→ Data provided
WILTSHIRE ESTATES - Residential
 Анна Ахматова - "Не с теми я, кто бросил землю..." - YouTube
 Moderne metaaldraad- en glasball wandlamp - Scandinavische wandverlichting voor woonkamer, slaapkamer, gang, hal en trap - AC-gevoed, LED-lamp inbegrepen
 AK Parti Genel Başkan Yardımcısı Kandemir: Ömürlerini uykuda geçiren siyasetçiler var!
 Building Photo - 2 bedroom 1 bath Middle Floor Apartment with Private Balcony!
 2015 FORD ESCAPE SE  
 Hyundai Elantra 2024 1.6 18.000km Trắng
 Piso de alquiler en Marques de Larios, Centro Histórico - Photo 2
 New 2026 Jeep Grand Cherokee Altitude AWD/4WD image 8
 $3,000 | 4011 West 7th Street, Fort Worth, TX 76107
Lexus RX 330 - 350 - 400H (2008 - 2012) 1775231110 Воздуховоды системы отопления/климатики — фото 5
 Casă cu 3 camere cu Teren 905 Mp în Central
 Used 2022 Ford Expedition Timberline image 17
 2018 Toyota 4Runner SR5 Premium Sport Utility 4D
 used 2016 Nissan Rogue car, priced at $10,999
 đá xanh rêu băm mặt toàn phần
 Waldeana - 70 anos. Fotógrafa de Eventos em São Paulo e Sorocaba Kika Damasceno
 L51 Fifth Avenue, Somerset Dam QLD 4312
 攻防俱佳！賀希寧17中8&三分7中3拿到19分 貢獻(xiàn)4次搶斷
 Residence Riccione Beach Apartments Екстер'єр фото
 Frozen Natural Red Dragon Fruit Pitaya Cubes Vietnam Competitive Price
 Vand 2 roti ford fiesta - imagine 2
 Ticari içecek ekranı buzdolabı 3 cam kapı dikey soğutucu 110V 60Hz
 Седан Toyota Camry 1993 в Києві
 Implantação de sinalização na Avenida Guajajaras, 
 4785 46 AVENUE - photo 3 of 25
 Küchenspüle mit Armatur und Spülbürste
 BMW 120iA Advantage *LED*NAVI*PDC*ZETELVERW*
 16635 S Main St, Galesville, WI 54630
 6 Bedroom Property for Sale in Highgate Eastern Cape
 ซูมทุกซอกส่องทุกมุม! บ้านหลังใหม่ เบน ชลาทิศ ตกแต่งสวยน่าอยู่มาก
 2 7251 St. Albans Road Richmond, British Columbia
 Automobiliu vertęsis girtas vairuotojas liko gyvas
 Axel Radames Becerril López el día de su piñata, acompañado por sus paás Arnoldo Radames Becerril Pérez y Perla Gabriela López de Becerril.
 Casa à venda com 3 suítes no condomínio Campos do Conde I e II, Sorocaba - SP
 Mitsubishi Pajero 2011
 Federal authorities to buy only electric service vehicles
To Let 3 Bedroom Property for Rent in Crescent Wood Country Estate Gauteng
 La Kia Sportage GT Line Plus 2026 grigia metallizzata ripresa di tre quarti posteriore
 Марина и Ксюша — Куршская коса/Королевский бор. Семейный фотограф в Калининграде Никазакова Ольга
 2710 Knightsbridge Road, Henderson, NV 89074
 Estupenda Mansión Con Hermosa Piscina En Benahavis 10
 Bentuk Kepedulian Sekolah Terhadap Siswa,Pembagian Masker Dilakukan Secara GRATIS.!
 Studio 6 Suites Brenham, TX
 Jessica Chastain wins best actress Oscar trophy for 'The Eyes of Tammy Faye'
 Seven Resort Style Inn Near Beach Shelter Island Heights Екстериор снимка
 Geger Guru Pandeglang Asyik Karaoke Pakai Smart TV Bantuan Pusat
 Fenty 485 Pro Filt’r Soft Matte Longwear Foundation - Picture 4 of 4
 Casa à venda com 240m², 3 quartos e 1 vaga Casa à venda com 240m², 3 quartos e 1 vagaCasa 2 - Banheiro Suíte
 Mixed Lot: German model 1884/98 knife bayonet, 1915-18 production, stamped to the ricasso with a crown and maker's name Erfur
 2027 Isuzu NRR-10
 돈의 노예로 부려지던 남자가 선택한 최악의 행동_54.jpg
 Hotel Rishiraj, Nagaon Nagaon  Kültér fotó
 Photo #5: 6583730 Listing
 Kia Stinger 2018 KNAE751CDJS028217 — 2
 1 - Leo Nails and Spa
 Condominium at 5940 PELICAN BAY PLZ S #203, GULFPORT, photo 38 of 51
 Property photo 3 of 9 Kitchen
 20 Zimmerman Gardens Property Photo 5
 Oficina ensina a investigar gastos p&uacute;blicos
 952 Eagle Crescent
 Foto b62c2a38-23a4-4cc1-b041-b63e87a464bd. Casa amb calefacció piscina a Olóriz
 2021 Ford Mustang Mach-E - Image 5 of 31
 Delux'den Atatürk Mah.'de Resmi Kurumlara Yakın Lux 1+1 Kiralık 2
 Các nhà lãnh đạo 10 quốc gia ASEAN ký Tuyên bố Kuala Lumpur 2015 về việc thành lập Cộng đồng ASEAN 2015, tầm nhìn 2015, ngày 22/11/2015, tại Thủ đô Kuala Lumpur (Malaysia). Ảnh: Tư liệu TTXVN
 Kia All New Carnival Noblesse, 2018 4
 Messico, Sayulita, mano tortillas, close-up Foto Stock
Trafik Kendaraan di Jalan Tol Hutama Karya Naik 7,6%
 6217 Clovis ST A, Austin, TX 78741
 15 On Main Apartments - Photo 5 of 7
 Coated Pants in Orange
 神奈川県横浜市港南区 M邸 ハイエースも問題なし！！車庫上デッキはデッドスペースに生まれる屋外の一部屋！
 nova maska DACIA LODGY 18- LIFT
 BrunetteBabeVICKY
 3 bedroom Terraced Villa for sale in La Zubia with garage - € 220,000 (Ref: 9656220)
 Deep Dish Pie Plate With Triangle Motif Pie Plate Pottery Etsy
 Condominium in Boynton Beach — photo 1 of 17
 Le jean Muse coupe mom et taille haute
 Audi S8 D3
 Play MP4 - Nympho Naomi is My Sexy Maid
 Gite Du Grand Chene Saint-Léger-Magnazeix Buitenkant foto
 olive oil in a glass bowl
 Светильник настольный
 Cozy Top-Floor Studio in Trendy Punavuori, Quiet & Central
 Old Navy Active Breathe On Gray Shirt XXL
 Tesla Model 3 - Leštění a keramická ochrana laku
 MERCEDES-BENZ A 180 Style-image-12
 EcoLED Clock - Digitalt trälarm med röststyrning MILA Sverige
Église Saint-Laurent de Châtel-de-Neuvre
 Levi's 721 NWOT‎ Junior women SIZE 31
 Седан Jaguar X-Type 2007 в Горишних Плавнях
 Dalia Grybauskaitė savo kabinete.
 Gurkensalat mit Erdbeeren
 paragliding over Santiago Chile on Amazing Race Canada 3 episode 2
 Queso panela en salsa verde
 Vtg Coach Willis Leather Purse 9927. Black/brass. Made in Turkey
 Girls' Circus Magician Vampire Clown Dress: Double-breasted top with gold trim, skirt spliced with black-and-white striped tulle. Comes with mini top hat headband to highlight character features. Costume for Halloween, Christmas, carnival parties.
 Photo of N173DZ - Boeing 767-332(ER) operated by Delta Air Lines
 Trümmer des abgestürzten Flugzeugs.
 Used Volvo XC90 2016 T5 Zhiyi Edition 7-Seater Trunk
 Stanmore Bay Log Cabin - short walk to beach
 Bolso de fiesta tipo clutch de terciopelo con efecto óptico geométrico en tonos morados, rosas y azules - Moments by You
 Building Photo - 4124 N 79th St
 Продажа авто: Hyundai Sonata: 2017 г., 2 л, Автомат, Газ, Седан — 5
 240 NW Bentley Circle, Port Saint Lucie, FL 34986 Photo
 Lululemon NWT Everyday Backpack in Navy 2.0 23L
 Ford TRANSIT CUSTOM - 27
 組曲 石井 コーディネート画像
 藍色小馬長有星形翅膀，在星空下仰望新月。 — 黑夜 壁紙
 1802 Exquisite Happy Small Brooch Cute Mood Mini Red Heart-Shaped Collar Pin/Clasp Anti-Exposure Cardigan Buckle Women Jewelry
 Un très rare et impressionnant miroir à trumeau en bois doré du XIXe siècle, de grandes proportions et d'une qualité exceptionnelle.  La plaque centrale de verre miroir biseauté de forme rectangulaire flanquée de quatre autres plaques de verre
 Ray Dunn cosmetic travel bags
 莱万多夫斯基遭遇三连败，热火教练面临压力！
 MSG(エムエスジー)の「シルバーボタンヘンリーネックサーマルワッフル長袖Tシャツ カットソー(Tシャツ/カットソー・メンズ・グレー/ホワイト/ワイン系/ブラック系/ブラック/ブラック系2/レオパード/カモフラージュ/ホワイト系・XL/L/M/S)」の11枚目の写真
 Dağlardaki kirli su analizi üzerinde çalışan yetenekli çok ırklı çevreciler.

→ Required action
Only one stretch of the records above is wanted: the lines between the one holding "Coated Pants in Orange" and the one holding "Продажа авто: Hyundai", inclusive, reproduced exactly.

→ Response
 Coated Pants in Orange
 神奈川県横浜市港南区 M邸 ハイエースも問題なし！！車庫上デッキはデッドスペースに生まれる屋外の一部屋！
 nova maska DACIA LODGY 18- LIFT
 BrunetteBabeVICKY
 3 bedroom Terraced Villa for sale in La Zubia with garage - € 220,000 (Ref: 9656220)
 Deep Dish Pie Plate With Triangle Motif Pie Plate Pottery Etsy
 Condominium in Boynton Beach — photo 1 of 17
 Le jean Muse coupe mom et taille haute
 Audi S8 D3
 Play MP4 - Nympho Naomi is My Sexy Maid
 Gite Du Grand Chene Saint-Léger-Magnazeix Buitenkant foto
 olive oil in a glass bowl
 Светильник настольный
 Cozy Top-Floor Studio in Trendy Punavuori, Quiet & Central
 Old Navy Active Breathe On Gray Shirt XXL
 Tesla Model 3 - Leštění a keramická ochrana laku
 MERCEDES-BENZ A 180 Style-image-12
 EcoLED Clock - Digitalt trälarm med röststyrning MILA Sverige
Église Saint-Laurent de Châtel-de-Neuvre
 Levi's 721 NWOT‎ Junior women SIZE 31
 Седан Jaguar X-Type 2007 в Горишних Плавнях
 Dalia Grybauskaitė savo kabinete.
 Gurkensalat mit Erdbeeren
 paragliding over Santiago Chile on Amazing Race Canada 3 episode 2
 Queso panela en salsa verde
 Vtg Coach Willis Leather Purse 9927. Black/brass. Made in Turkey
 Girls' Circus Magician Vampire Clown Dress: Double-breasted top with gold trim, skirt spliced with black-and-white striped tulle. Comes with mini top hat headband to highlight character features. Costume for Halloween, Christmas, carnival parties.
 Photo of N173DZ - Boeing 767-332(ER) operated by Delta Air Lines
 Trümmer des abgestürzten Flugzeugs.
 Used Volvo XC90 2016 T5 Zhiyi Edition 7-Seater Trunk
 Stanmore Bay Log Cabin - short walk to beach
 Bolso de fiesta tipo clutch de terciopelo con efecto óptico geométrico en tonos morados, rosas y azules - Moments by You
 Building Photo - 4124 N 79th St
 Продажа авто: Hyundai Sonata: 2017 г., 2 л, Автомат, Газ, Седан — 5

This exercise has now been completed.